Coding and Deep Learning for High-Speed Fiber-Optic Communication Systems
Dr. Christian Häger
Chalmers University of Technology, Sweden
Fiber-optic communication links carry virtually all intercontinental data traffic and are often referred to as the Internet backbone. The first part of this talk is about staircase codes which are error-correcting codes tailored to the specific requirements of fiber-optic systems. In particular, they achieve very high throughputs (100 Gb/s), provide large net coding gains, and have extremely low error floors. We show that, despite their deterministic structure, the asymptotic performance of staircase codes under iterative decoding can be rigorously analyzed using density evolution. This result can be used, for example, to rapidly predict the performance or efficiently optimize code parameters. We also show that the performance of staircase codes can be improved by using a novel anchor-based decoder which addresses the problem of miscorrections on the binary symmetric channel.

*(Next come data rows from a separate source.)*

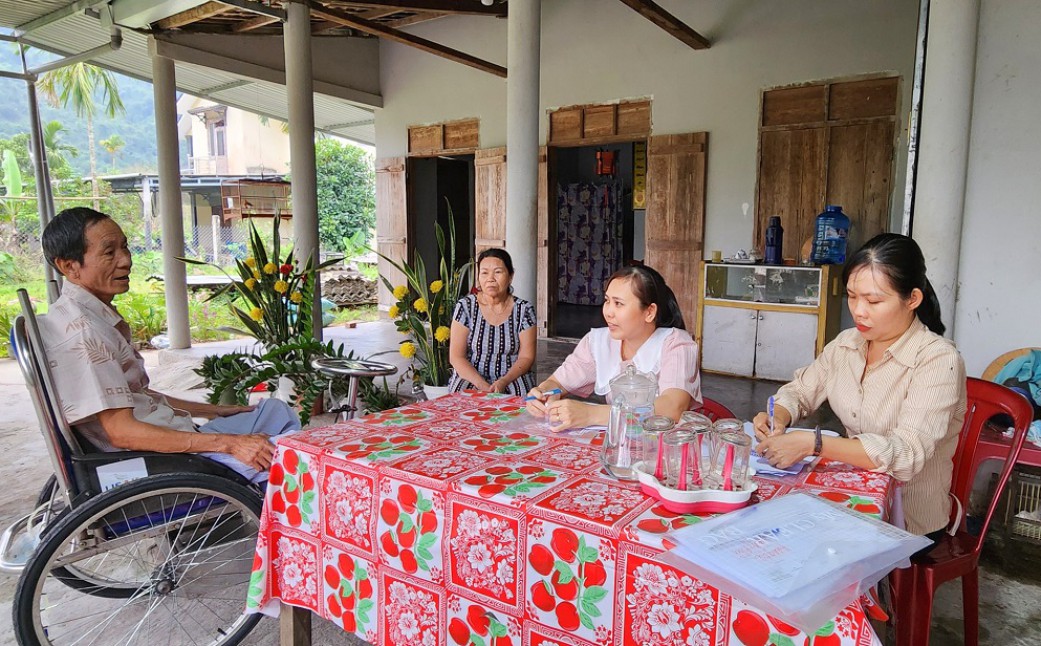 Thừa Thiên Huế: Thăm nhà và tư vấn về sống độc lập cho người khuyết tật lần thứ 2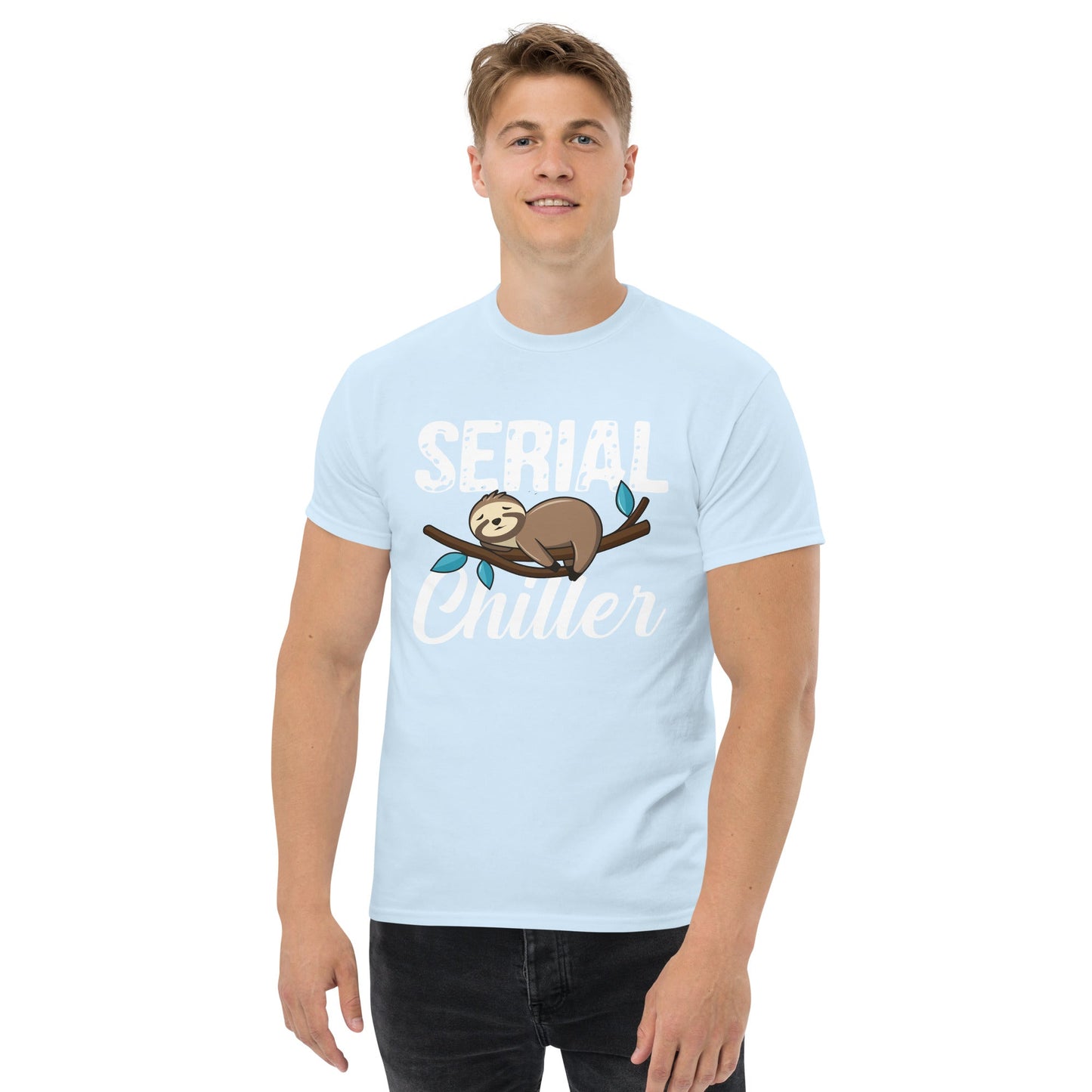 Serial Chiller | Unisex T-Shirt - Black - T-Shirts Online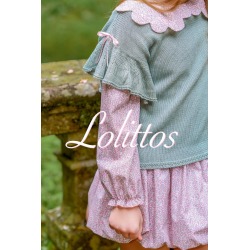 Vestido + Jersey Borreguito Lolittos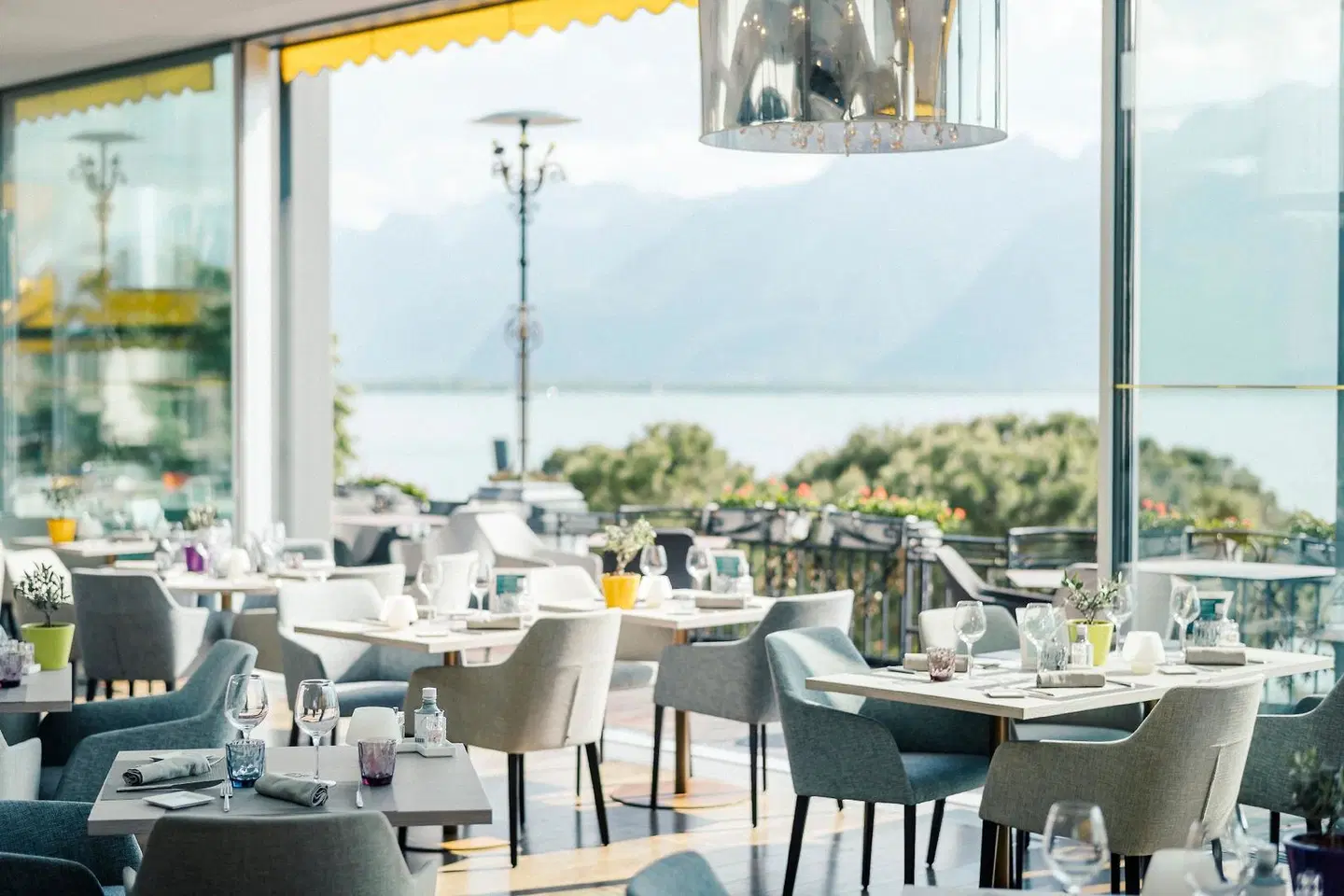 Grand Hotel Suisse Majestic, Autograph Collection Restaurant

The goal of the second part is to illustrate how deep learning can be used to equalize linear and nonlinear channel impairments in fiber-optic systems. In particular, the optical waveform channel is defined by the nonlinear Schrödinger equation. Channel equalization can be performed by numerically solving this equation using the received signal as a boundary condition. This approach is commonly referred to as digital backpropagation. Interestingly, applying the popular split-step Fourier method for this task leads to a computation graph that is mathematically equivalent to a deep neural network. This observation allows us to jointly optimize all linear filtering steps using deep learning. The resulting "learned" digital backpropagation can reduce the complexity by over an order of magnitude compared to conventional implementations of the split-step Fourier method.
Based on joint work with Henry D. Pfister, Alexandre Graell i Amat, Fredrik Brännström, and Erik Agrell. Preprints available at:
Christian Häger received the Dipl.-Ing. degree in electrical engineering from Ulm University, Germany, in 2011 and the Ph.D. degree in communication engineering from Chalmers University of Technology, Sweden, in 2016. Since August 2016, he is a postdoctoral researcher at the Department of Electrical and Computer Engineering at Duke University, USA, and, since April 2017, also at the Department of Electrical Engineering at Chalmers University of Technology. Currently, he works with Prof. Henry D. Pfister (Duke University) and Prof. Alexandre Graell i Amat (Chalmers University) on modern coding theory and machine learning for high-speed fiber-optic communication systems. In 2017, he received the Marie Skłodowska-Curie Individual Fellowship from the European Commission.